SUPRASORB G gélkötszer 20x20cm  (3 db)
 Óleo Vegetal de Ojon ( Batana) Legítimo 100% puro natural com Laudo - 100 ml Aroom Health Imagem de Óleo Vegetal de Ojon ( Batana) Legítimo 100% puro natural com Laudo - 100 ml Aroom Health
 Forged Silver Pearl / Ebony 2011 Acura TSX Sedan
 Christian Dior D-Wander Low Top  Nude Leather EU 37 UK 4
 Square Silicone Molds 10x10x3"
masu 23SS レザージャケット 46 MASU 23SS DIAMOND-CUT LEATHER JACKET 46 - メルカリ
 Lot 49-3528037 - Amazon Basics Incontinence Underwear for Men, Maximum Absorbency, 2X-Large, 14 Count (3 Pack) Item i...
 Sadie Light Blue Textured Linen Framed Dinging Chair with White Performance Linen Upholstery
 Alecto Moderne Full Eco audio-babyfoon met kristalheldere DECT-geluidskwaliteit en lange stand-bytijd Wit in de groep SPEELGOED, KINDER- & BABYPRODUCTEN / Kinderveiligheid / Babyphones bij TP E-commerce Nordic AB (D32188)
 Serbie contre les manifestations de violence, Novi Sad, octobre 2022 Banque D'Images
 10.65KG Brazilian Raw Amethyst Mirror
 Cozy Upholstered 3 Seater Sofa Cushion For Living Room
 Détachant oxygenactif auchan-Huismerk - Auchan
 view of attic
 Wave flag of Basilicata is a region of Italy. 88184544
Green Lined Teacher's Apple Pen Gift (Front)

====

WORK ORDER: What is wanted is every line from the first line of the entries through the line that contains "Serbie contre les", given again exactly.

SOLUTION TO THE PROBLEM:
SUPRASORB G gélkötszer 20x20cm  (3 db)
 Óleo Vegetal de Ojon ( Batana) Legítimo 100% puro natural com Laudo - 100 ml Aroom Health Imagem de Óleo Vegetal de Ojon ( Batana) Legítimo 100% puro natural com Laudo - 100 ml Aroom Health
 Forged Silver Pearl / Ebony 2011 Acura TSX Sedan
 Christian Dior D-Wander Low Top  Nude Leather EU 37 UK 4
 Square Silicone Molds 10x10x3"
masu 23SS レザージャケット 46 MASU 23SS DIAMOND-CUT LEATHER JACKET 46 - メルカリ
 Lot 49-3528037 - Amazon Basics Incontinence Underwear for Men, Maximum Absorbency, 2X-Large, 14 Count (3 Pack) Item i...
 Sadie Light Blue Textured Linen Framed Dinging Chair with White Performance Linen Upholstery
 Alecto Moderne Full Eco audio-babyfoon met kristalheldere DECT-geluidskwaliteit en lange stand-bytijd Wit in de groep SPEELGOED, KINDER- & BABYPRODUCTEN / Kinderveiligheid / Babyphones bij TP E-commerce Nordic AB (D32188)
 Serbie contre les manifestations de violence, Novi Sad, octobre 2022 Banque D'Images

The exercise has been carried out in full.